Entre a dor e a exposição: quando a busca por justiça encontra os limites da saúde emocional

Konrad Felipe/Jornalista – konradfelipe@gmail.com

A tragédia que envolve a morte da 3º sargento Heloísa Pérola, de 45 anos, e de seu filho, o atleta Gabriel Pertusi Pérola Araújo, de 27, não pode ser tratada apenas como mais um caso policial. Trata-se, acima de tudo, de uma história profundamente humana, marcada por luto, inconformismo e um sofrimento que, ao que tudo indica, ultrapassou os limites do suportável.

Heloísa não era apenas uma policial militar. Era uma mãe que perdeu o filho em circunstâncias que nunca aceitou plenamente. Desde janeiro, quando Gabriel foi encontrado morto em Barra do Garças, ela travava uma batalha pessoal e pública para contestar a versão oficial de suicídio. Buscou advogado, perito particular, reuniu áudios, questionou laudos e, sobretudo, levantou dúvidas que, para ela, jamais foram devidamente esclarecidas.

Esse movimento, legítimo sob o ponto de vista humano, ganhou proporções maiores quando migrou para o ambiente público, redes sociais, entrevistas e, mais recentemente, a participação em um podcast. Foi justamente nesse espaço que Heloísa expôs, de forma crua e intensa, sua dor, suas suspeitas e sua inconformidade com o inquérito.

O problema é que, em casos como esse, a linha entre dar voz a uma dor legítima e potencializar um sofrimento já profundo é extremamente tênue.

O conteúdo do podcast revela uma mulher emocionalmente fragilizada, em estado de exaustão psíquica, revivendo cada detalhe da morte do filho, questionando procedimentos técnicos, levantando hipóteses e, sobretudo, demonstrando um nível de angústia que exigia acolhimento, não exposição.

É necessário fazer uma reflexão séria: até que ponto espaços de comunicação, como podcasts e programas jornalísticos, estão preparados para lidar com pessoas em estado de vulnerabilidade emocional extrema?

Dar voz é importante.

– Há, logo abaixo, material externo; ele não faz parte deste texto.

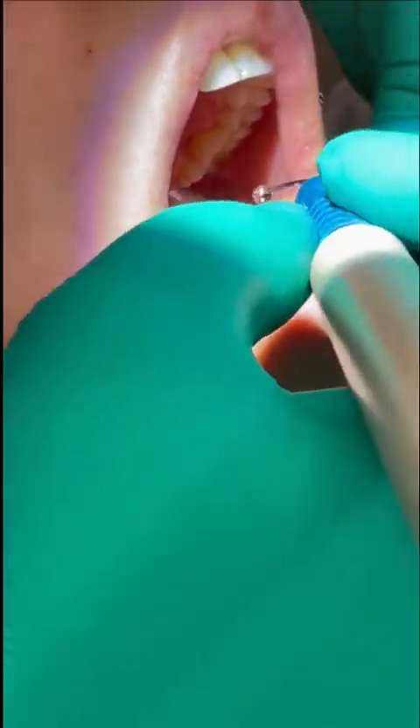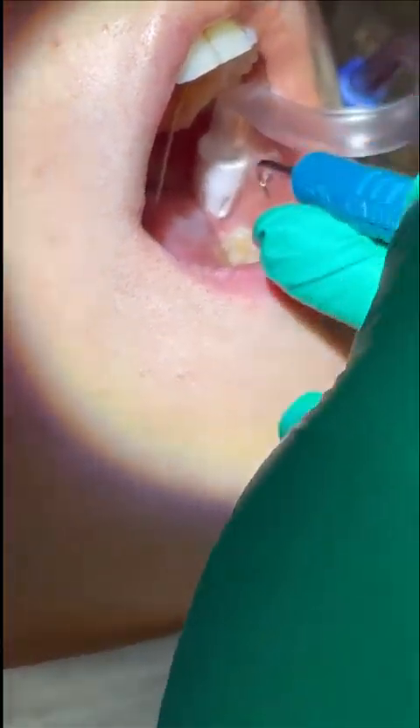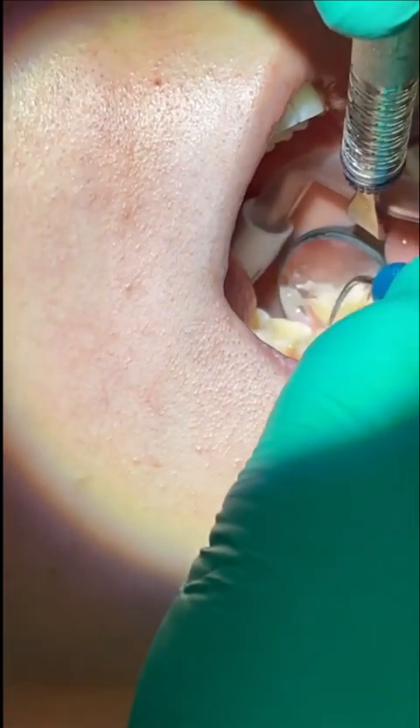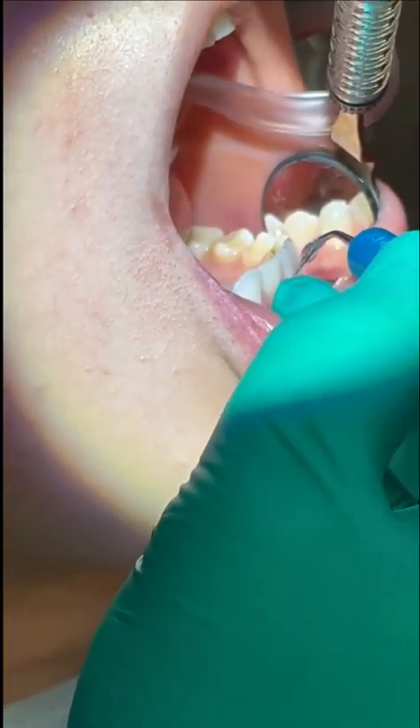Then I'm done with that upper left quadrant, and I'm ready to move to the lower quadrant on the same side. I quickly reverse the bends in my suction, and then start on the posterior teeth in much the same way as I did on the upper. I will use indirect vision on surfaces away from me, and when I get to the canine, I again will move to the 12 o'clock position for the anterior teeth.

Investigar é essencial. Questionar versões oficiais faz parte de uma sociedade democrática. Mas há um limite ético que não pode ser ignorado: o cuidado com quem fala.

No caso de Heloísa, há indícios claros de que sua participação não ocorreu em um contexto de proteção emocional, mas sim de amplificação de um sofrimento já intenso. A própria narrativa mostra uma escalada de tensão: dúvidas não resolvidas, sensação de injustiça, isolamento institucional e, por fim, uma exposição pública que pode ter funcionado como catalisador de um desfecho trágico.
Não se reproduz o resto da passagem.